**Exercise requirements**.
Reproduce the records exactly. Leave the pictures out.

Brief descriptive captions:
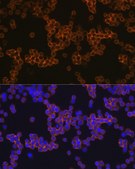 Anti-CD14 antibody produced in rabbit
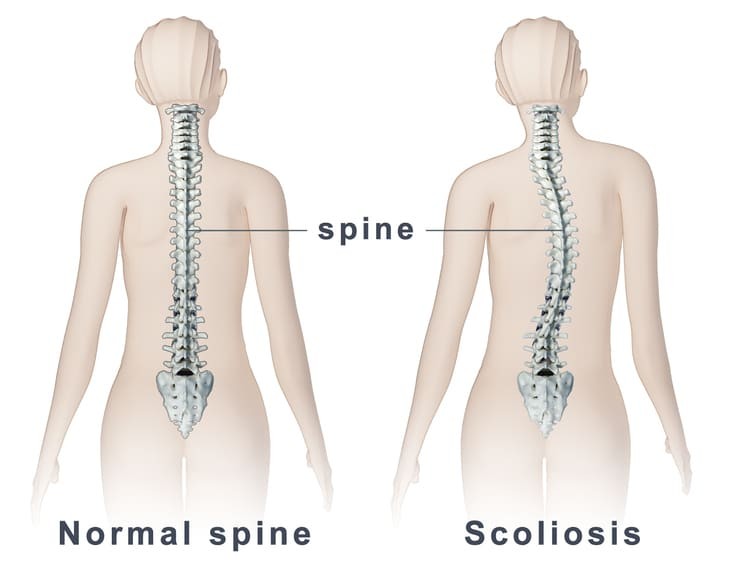 Phân biệt cột sống bình thường (Normal spine) và tình trạng vẹo cột sống sang một bên (Scoliosis)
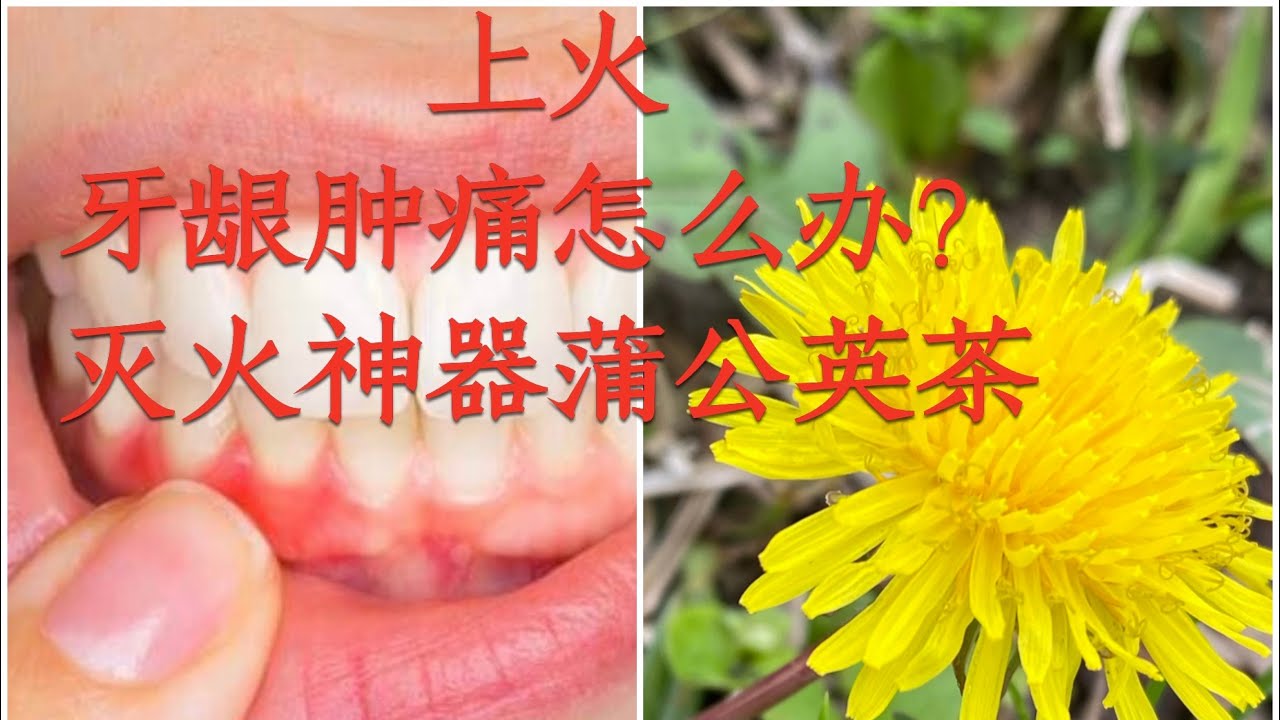 蒲公英茶，常备的”灭火消肿止痛”神器 Drinking dandelion tea is effective if you suffer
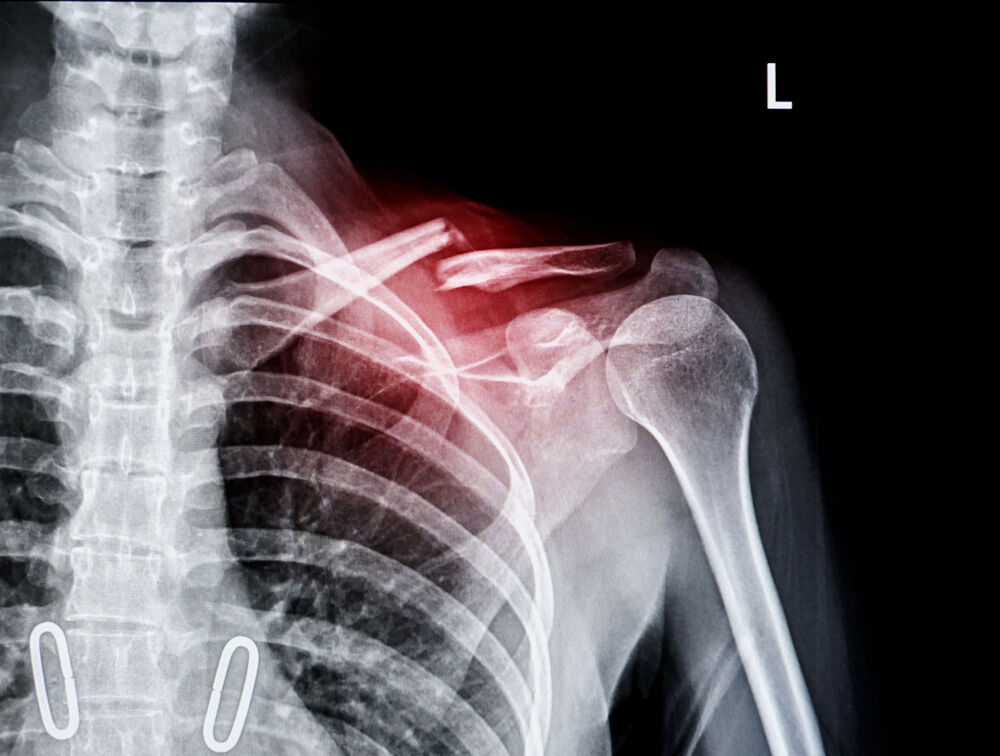 An X-ray showing a fractured bone.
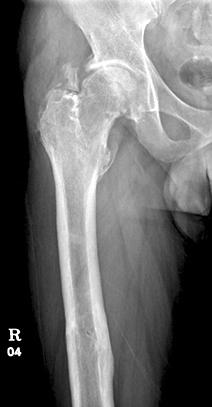 osteoarthritis and avascular necrosis of the femoral head.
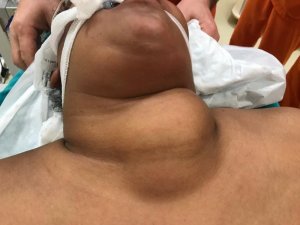 Somalili hastanın boğazından 450 gramlık nodül çıkarıldı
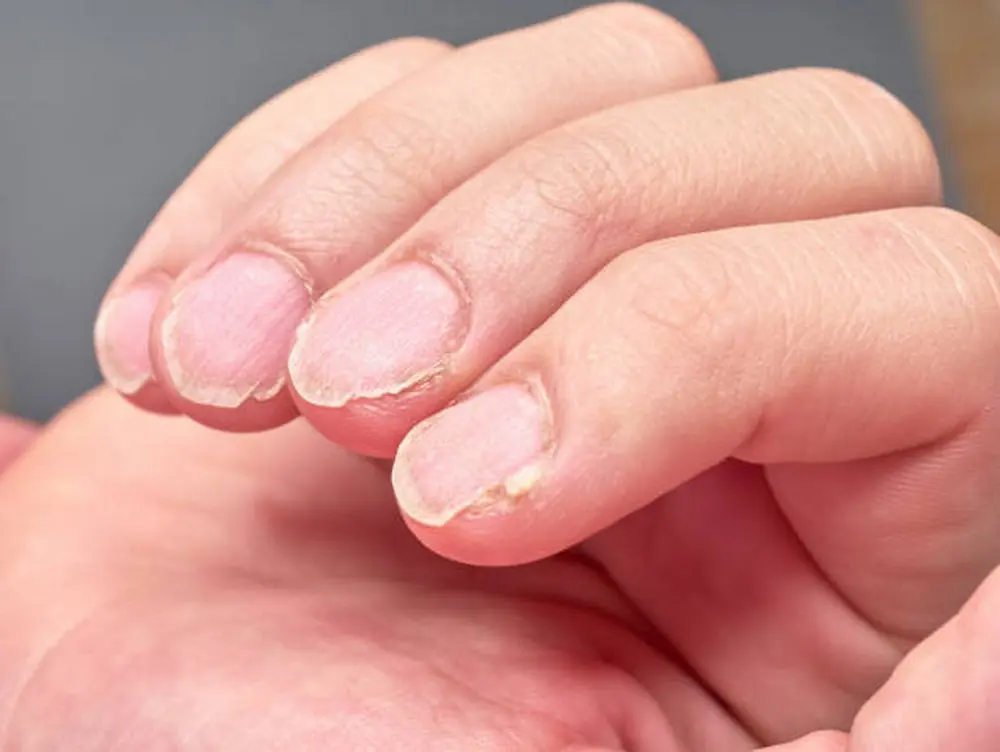 What Frequent Nail Splitting Could Be Telling You About Your Body?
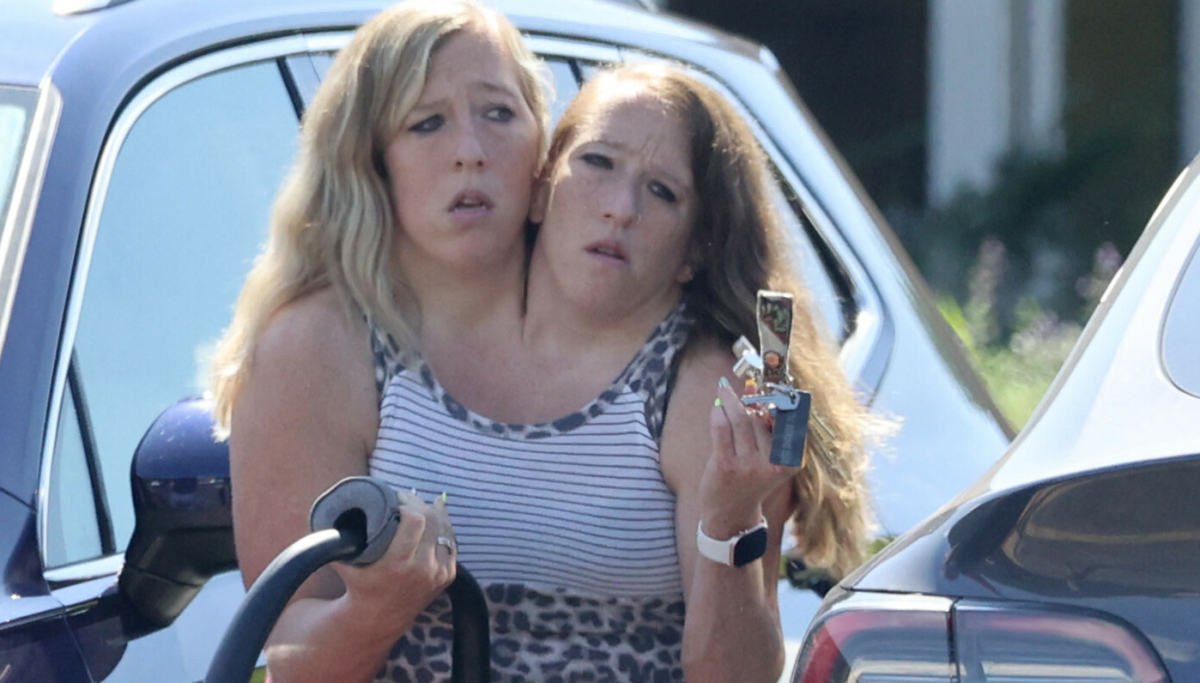 Siamesiske tvillinger Abby og Brittany Hensel: Har de blitt mødre?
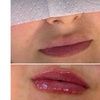 Image 6: Transform Smile: 0.5-, 1-, or 2-ml Dermal Filler or Dissolver & Refill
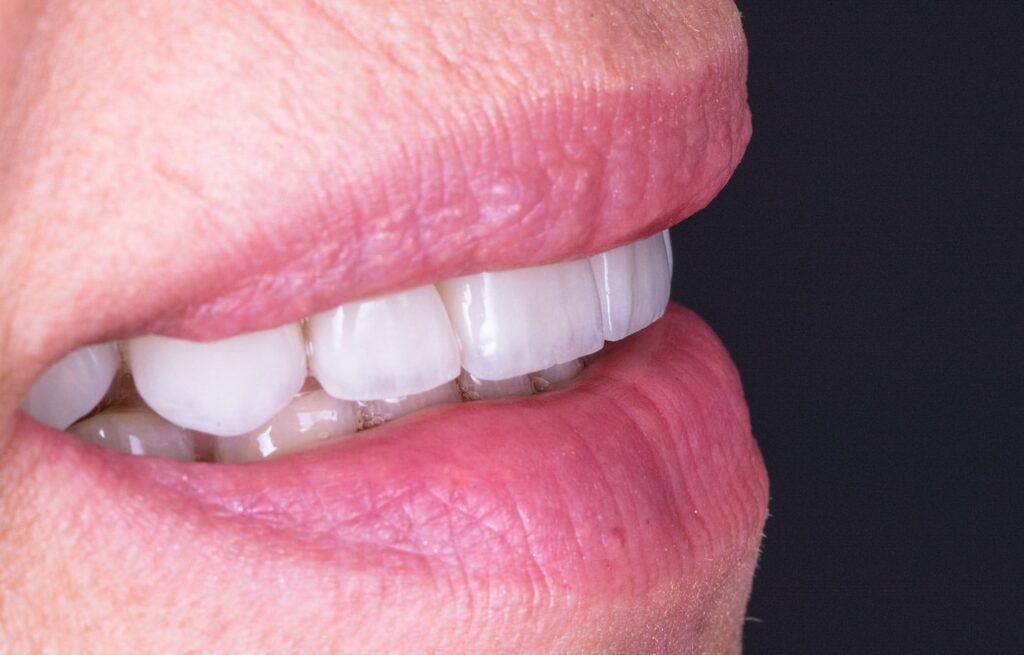 colibri-formation-dentaire-facettes-veneerlays-4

**Result for this task**.
 Anti-CD14 antibody produced in rabbit
 Phân biệt cột sống bình thường (Normal spine) và tình trạng vẹo cột sống sang một bên (Scoliosis)
 蒲公英茶，常备的”灭火消肿止痛”神器 Drinking dandelion tea is effective if you suffer
 An X-ray showing a fractured bone.
 osteoarthritis and avascular necrosis of the femoral head.
 Somalili hastanın boğazından 450 gramlık nodül çıkarıldı
 What Frequent Nail Splitting Could Be Telling You About Your Body?
 Siamesiske tvillinger Abby og Brittany Hensel: Har de blitt mødre?
 Image 6: Transform Smile: 0.5-, 1-, or 2-ml Dermal Filler or Dissolver & Refill
 colibri-formation-dentaire-facettes-veneerlays-4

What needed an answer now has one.